Bail for Gustafson was set at $250,000. He was ordered to avoid contact with minors unless it was necessary to his occupation but was allowed to leave the state.

It was indicated by the Associated Press that Gustafson’s attorney said his client would post the required 10 percent of his bail and return to Hettinger. His attorney said West River indicated they would hold his job for him.

West River CEO Jim Long told the Pioneer on Wednesday that he was not aware of the situation prior to Gustafson’s court appearance. Long said he knew that the doctor was taken into custody but didn’t know the charges until Tuesday.

Long said that he made an inquiry with West River’s physicians on how they should proceed. He also contacted the board of the North Dakota State Medical Examiner.

“It wasn’t a surprise what I was told there,” Long admitted.

The medical examiner’s office told Long that they could make no restrictions on licensing based on accusations; there would need to be a determination of guilt before they could act.

Long said there was a consensus among West River’s administration and staff to allow Gustafson to continue his employment with the health care provider.

A stipulation made by Long, however, is that Gustafson would not be allowed to see a patient under the age of 18 without another adult being present.

“It protects him as well as it protects us,” Long said.

Long explained that United Clinic Physicians is Gustafson’s actual employer—West River contracts with their service to utilize him as a surgeon.

His employment would also continue with United Clinic Physicians, according to Long.

“We’ll continue with him until innocence or guilt is proven,” Long said.

While Long admitted that it was not a good situation, he said it would have been wrong for West River to end his career without being able to defend himself or have an opportunity to prove his innocence.

Long said WRHS has had no prior incidents with the doctor.
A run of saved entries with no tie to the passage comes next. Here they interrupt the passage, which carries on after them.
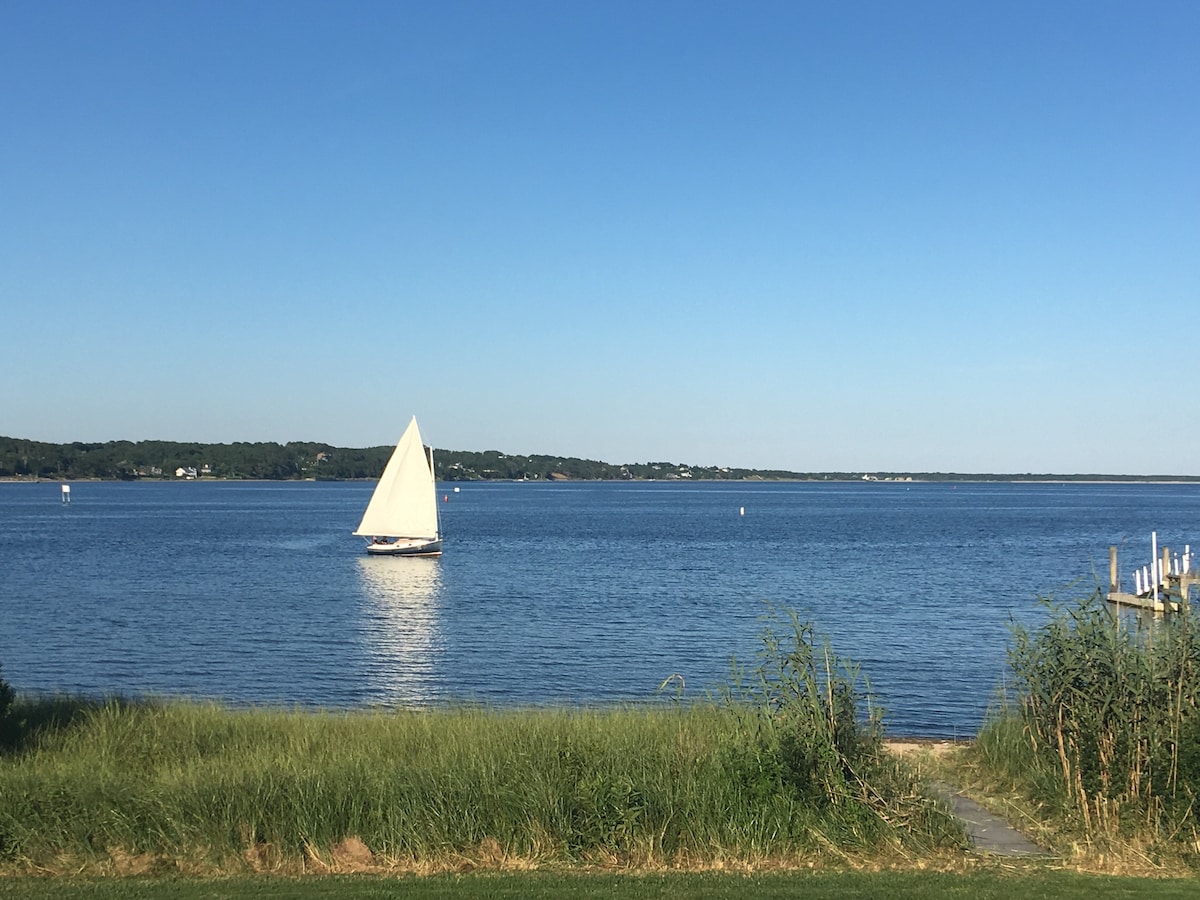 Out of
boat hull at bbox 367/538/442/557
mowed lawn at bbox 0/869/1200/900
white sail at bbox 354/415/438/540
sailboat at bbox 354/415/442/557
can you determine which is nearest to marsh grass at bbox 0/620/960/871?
mowed lawn at bbox 0/869/1200/900

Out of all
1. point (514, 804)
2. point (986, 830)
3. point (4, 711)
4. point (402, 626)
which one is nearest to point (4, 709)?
point (4, 711)

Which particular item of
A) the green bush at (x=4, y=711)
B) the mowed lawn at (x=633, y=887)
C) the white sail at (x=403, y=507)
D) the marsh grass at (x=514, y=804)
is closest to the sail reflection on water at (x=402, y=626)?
the white sail at (x=403, y=507)

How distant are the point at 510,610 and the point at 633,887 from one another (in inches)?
1467

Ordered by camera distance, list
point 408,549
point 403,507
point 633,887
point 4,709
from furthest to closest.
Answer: point 403,507 < point 408,549 < point 4,709 < point 633,887

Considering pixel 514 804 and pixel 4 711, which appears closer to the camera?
pixel 514 804

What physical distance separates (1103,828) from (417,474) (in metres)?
59.2

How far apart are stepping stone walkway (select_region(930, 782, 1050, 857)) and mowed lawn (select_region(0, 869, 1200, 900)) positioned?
29.0 inches

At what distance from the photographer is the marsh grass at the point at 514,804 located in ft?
32.9

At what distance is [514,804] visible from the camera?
10680 mm

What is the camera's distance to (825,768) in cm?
1091

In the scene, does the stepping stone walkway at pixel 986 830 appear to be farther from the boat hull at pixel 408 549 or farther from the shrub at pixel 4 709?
the boat hull at pixel 408 549

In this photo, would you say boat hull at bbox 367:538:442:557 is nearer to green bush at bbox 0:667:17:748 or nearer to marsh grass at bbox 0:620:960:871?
green bush at bbox 0:667:17:748

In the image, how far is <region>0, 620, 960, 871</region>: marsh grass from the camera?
395 inches

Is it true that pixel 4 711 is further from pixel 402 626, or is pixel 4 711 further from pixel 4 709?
pixel 402 626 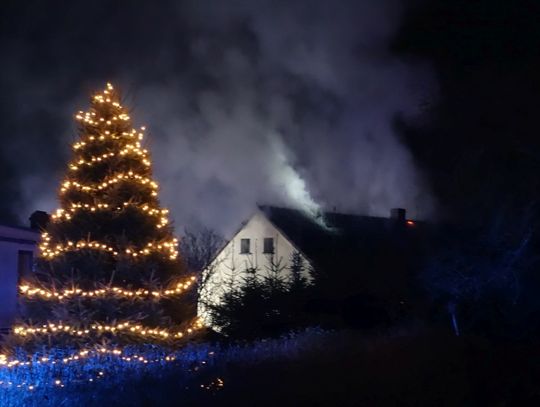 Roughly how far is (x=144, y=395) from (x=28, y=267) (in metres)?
13.1

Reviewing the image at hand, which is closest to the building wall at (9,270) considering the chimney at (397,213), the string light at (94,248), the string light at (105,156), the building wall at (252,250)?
the string light at (94,248)

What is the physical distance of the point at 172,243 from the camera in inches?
495

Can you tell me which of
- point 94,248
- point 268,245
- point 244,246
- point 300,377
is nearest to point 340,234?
point 268,245

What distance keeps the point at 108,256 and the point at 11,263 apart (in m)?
8.14

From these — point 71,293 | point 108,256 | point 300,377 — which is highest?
point 108,256

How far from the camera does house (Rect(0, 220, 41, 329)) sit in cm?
1888

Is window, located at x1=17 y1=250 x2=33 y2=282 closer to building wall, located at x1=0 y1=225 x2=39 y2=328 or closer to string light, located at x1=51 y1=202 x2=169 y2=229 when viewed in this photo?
building wall, located at x1=0 y1=225 x2=39 y2=328

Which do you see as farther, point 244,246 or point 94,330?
point 244,246

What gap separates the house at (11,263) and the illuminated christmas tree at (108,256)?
23.9 feet

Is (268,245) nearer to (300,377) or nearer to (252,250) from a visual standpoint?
(252,250)

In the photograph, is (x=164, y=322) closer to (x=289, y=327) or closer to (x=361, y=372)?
(x=361, y=372)

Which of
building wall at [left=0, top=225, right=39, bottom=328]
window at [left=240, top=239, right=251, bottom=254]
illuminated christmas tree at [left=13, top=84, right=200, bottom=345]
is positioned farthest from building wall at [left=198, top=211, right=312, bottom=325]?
illuminated christmas tree at [left=13, top=84, right=200, bottom=345]

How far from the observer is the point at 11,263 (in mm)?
19250

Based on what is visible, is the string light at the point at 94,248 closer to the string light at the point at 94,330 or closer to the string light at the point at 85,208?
the string light at the point at 85,208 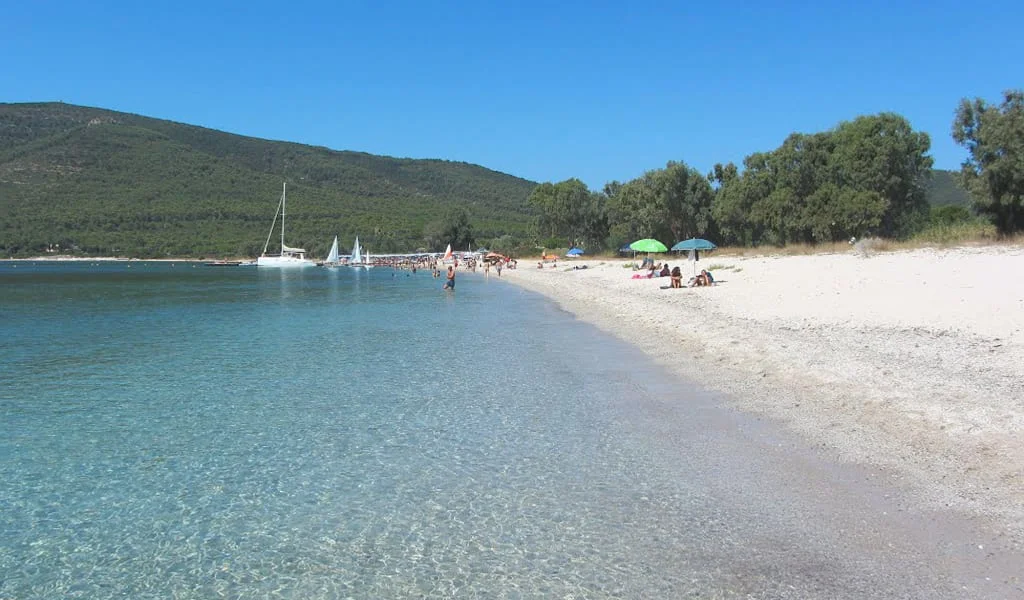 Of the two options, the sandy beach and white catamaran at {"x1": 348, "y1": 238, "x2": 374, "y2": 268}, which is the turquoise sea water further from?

He explained his previous employment references were positive.

Before a physician is hired by West River, they complete a full credential verification procedure. According to Long, nothing appeared out-of-the-ordinary when it came to Gustafson’s check.

“Our hope in the end is that his innocence will be proven and that he will be accepted for his quality as a good surgeon and a good person,” Long said.

“If the opposite would turn out, we would have no options, we would have to release him.”

Gustafson was born in Minneapolis, Minn., and raised in eastern South Dakota. He attended UCLA and went to medical school at the University of South Dakota.

West River has several clinics in western North Dakota, including one in Bowman and Scranton.

Gustafson’s next scheduled court appearance is an early resolution conference in September for which it will be requested that he not have to appear in person.